Virgin America (San Francisco) today reported its financial results for the first quarter of 2015.

Key highlights from the first quarter include:

First quarter 2015 net income was $10.5 million excluding special items1, an increase of $32.9 million from the first quarter of 2014. Operating income and operating margin excluding special items were $13.1 million and 4.0 percent, respectively.

On a GAAP basis, net income was $12.8 million. This represents the first time in its history that Virgin America has recorded a profit in the first quarter of the year, and the tenth consecutive quarter of year-over-year improvement in profitability. Operating income and operating margin on a GAAP basis were $15.4 million and 4.7 percent, respectively.

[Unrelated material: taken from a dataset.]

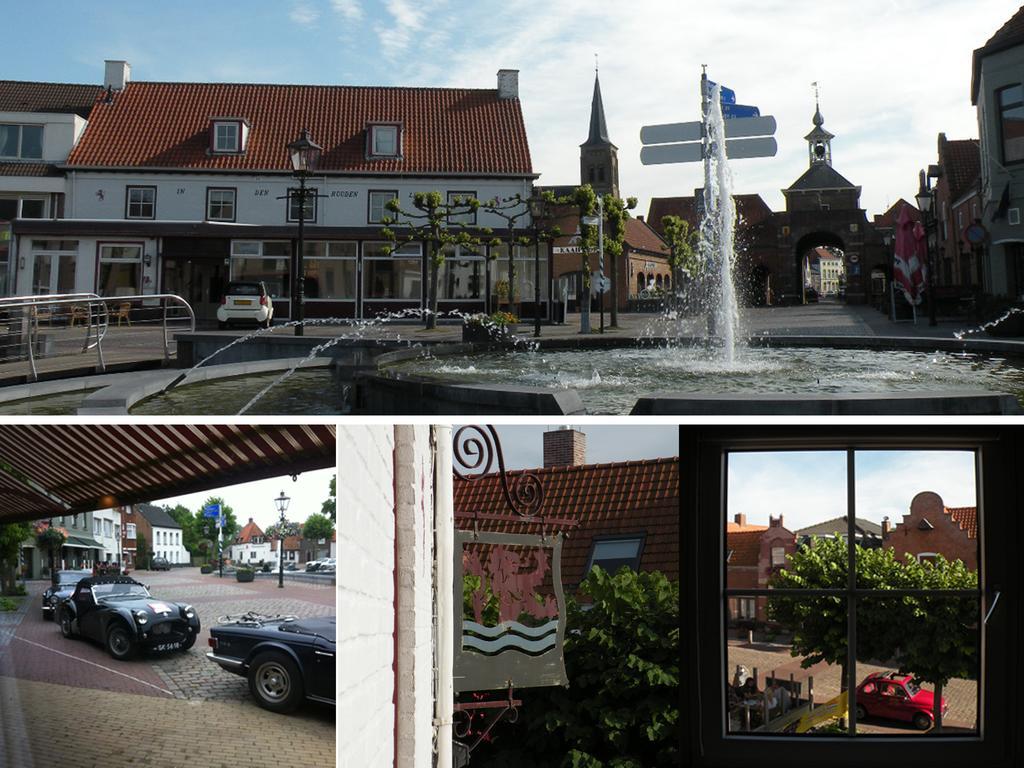 Hotel Bar Bistro Kaai 31 — hotel in Aardenburg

Fully diluted earnings per share excluding special items was $0.24. On a GAAP basis, fully diluted earnings per share was $0.29.

“Virgin America continues to perform exceptionally well, achieving net income of $10.5 million excluding special items in the first quarter of 2015,” said David Cush, Virgin America’s President and Chief Executive Officer. “This marks the tenth consecutive quarter of year-over-year improvement in our financial performance, off the back of a record year of profitability in 2014. This is a testament to our business model, our product and Teammates who delivered an outstanding experience for our guests.”

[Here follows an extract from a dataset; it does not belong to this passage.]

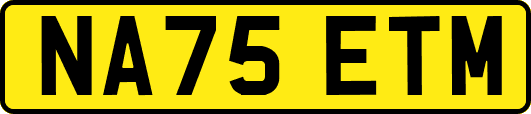 NA75ETM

First Quarter 2015 Financial Highlights

• Operating Revenue: Total operating revenue was $326.4 million, an increase of 4.1 percent over first quarter of 2014.

• Revenue per Available Seat Mile (RASM): Passenger revenue per available seat mile (PRASM) increased 2.6 percent compared to the first quarter 2014, to 10.27 cents. Year-over-year PRASM growth was driven by a 0.9 point increase in load factor and a 1.4 percent increase in yield. Total RASM increased 2.7 percent year-over-year.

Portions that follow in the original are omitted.